On en apprend également un petit peu sur les stratégies publicitaires des vendeurs de jouets, qui non seulement s’appuient, mais usent et abusent d’une imagerie profondément primitive (et j’insulte ainsi le primitivisme). Les figurines de héros pour petits garçons, par exemple, ne sourient guère et sont rarement, d’un point de vue physique, des prétendants à la prochaine académie des étoiles. Imaginons une poupée Barbie sans son 91/54/79, sa blondeur et son sourire dentu : impossible.

Bref, au fil d’exemples bien reliés entre eux, on nous montre ici à quel point le rôle sexué des enfants est véritablement dicté par leurs jouets (et les attentes de leurs parents).

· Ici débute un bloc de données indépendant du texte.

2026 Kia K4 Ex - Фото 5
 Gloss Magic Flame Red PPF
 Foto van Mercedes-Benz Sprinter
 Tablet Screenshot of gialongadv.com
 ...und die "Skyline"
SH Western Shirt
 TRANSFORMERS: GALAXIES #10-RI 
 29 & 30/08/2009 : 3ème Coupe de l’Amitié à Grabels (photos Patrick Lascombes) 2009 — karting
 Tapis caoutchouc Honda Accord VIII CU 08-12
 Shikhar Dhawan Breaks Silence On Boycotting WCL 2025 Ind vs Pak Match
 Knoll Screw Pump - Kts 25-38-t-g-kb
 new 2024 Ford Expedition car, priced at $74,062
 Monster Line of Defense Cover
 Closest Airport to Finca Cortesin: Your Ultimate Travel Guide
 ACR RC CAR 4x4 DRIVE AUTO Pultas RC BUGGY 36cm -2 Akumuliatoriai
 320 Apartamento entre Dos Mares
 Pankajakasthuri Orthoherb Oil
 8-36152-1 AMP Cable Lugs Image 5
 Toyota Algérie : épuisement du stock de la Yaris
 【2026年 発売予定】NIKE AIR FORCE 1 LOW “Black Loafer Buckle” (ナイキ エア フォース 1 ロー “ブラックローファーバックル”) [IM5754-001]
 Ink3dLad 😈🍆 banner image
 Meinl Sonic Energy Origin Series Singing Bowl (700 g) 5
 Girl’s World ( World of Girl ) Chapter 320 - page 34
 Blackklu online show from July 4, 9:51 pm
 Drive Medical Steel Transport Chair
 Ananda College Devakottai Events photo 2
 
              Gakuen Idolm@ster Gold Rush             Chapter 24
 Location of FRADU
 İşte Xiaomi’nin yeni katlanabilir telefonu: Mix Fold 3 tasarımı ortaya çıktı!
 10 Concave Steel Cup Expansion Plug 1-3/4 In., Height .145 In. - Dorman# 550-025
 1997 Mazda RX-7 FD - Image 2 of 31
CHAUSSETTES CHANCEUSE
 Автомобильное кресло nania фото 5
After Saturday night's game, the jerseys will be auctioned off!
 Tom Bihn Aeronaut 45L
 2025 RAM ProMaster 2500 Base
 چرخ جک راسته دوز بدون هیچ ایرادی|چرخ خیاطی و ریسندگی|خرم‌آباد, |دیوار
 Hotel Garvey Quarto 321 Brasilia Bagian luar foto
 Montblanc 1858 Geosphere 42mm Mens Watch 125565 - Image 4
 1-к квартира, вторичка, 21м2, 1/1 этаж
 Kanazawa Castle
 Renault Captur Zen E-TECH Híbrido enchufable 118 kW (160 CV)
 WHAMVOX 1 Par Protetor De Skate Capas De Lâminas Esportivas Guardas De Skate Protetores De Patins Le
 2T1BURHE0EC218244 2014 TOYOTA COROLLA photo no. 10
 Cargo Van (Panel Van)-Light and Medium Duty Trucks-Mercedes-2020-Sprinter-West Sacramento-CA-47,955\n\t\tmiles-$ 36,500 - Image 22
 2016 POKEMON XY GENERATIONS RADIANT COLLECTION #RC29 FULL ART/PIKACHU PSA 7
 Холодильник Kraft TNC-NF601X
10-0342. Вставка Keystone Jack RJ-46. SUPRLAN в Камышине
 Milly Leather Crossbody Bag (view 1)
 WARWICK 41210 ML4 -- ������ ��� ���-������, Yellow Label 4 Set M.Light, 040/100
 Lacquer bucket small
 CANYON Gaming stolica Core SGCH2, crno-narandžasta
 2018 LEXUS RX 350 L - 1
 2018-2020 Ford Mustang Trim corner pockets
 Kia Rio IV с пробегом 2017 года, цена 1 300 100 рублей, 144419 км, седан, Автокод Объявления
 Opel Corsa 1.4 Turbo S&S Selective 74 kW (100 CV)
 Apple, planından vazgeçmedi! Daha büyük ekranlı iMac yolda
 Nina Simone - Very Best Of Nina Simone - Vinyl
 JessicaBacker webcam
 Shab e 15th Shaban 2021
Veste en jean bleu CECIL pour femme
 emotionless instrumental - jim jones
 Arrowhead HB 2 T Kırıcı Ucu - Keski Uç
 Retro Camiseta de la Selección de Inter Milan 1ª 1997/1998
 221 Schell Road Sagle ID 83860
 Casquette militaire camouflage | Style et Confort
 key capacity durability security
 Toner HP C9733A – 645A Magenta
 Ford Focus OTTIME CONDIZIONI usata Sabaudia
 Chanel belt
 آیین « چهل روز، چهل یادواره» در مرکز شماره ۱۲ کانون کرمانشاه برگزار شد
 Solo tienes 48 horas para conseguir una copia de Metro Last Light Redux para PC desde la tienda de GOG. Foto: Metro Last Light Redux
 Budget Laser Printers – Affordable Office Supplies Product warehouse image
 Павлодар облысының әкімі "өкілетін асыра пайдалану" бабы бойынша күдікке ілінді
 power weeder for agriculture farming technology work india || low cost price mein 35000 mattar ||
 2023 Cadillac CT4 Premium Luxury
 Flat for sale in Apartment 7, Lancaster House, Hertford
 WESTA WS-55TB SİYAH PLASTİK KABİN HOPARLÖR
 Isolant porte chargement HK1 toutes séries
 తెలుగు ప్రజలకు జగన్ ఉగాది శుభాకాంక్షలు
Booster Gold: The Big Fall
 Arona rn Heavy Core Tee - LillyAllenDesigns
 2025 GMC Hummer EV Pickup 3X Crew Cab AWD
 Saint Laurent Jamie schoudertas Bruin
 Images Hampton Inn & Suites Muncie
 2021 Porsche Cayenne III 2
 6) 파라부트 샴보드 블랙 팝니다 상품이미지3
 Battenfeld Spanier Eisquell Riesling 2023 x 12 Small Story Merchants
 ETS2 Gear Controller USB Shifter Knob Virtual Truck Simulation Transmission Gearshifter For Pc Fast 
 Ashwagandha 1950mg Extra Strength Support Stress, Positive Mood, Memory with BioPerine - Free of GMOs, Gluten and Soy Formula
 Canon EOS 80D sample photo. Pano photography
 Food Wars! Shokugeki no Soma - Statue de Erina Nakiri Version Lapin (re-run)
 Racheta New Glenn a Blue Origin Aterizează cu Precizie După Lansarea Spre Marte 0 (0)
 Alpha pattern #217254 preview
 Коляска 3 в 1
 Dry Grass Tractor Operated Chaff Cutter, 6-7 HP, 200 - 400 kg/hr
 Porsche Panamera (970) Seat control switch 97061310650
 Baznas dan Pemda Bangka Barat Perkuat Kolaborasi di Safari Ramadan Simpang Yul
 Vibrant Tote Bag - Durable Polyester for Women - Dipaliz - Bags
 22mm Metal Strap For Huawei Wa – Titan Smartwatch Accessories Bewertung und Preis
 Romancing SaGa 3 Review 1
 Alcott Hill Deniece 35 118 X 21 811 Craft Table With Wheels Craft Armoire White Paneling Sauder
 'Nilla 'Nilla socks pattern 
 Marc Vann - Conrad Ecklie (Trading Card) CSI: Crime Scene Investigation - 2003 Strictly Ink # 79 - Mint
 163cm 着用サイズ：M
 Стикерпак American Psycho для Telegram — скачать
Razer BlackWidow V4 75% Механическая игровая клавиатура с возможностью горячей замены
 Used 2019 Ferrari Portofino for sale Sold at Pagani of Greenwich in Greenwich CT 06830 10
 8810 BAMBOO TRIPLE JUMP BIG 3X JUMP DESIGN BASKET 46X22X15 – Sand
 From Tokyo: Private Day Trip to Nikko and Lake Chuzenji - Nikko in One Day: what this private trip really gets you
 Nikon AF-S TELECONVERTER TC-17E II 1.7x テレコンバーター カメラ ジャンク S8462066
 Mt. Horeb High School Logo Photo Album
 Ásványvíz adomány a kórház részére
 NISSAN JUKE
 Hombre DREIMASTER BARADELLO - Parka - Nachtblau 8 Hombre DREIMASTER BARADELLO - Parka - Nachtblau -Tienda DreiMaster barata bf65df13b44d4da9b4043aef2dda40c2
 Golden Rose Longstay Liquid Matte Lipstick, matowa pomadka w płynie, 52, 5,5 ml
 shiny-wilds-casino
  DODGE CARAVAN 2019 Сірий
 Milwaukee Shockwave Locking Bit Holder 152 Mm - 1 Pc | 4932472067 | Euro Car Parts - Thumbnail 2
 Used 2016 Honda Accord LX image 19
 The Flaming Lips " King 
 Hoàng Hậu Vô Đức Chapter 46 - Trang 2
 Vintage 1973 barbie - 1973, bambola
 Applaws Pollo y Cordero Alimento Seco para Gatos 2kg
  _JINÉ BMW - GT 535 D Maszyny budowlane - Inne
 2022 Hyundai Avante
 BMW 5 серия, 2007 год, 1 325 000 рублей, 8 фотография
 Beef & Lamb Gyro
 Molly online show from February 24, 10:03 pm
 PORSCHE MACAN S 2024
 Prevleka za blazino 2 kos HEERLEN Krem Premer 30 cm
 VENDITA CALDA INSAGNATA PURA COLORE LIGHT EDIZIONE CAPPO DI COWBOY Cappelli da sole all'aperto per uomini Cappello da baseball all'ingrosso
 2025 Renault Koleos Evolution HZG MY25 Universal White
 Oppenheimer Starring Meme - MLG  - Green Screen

D’un côté les filles sont éloignées des objets encourageant l’intérêt pour les sciences dures, les activités physiques ou professionnelles violentes et sciemment préparées à leur rôle de mère ou d’objet (je dis objet mais c’est une autre mot auquel je pense, je vous laisse le découvrir par vous-même), où leur seule valeur repose sur la capacité à répondre aux critères de beauté imposés par leur milieu et à se tenir tranquilles (au propre comme au figuré).

Le petits garçons ne sont pas en reste : il est exigé d’eux qu’ils soient vifs, actifs, bruyants, mais aussi violents, impitoyables, prompts à considérer la compétition comme seule et unique voie d’existence sociale.

Je m’étendrais plus longtemps sur cet ouvrage, mais je n’en ai pas besoin : il est intéressant, foisonnant d’exemples, seulement un petit peu en reste d’objectivité, mais il illustre avant tout un état de fait.

J’en profite ici pour dire ceci aux adeptes du « [voix geignarde] mais si tout le monde fait déjà comme ça à quoi ça sert d’essayer de changer le monde » : inutile d’essayer de changer le monde, en prendre véritablement conscience est déjà un pas de géant.

Finalement, ce livre est tout simplement nécessaire à tout jeune parent, mais connaissant leur susceptibilité, évitez de le leur offrir, même comme plaisanterie.

Enfin, moi je le ferai, mais bon.

 

COLLECTIF. Contre les jouets sexistes. Paris, Echappée, 2007 (pour en finir avec). 158 p.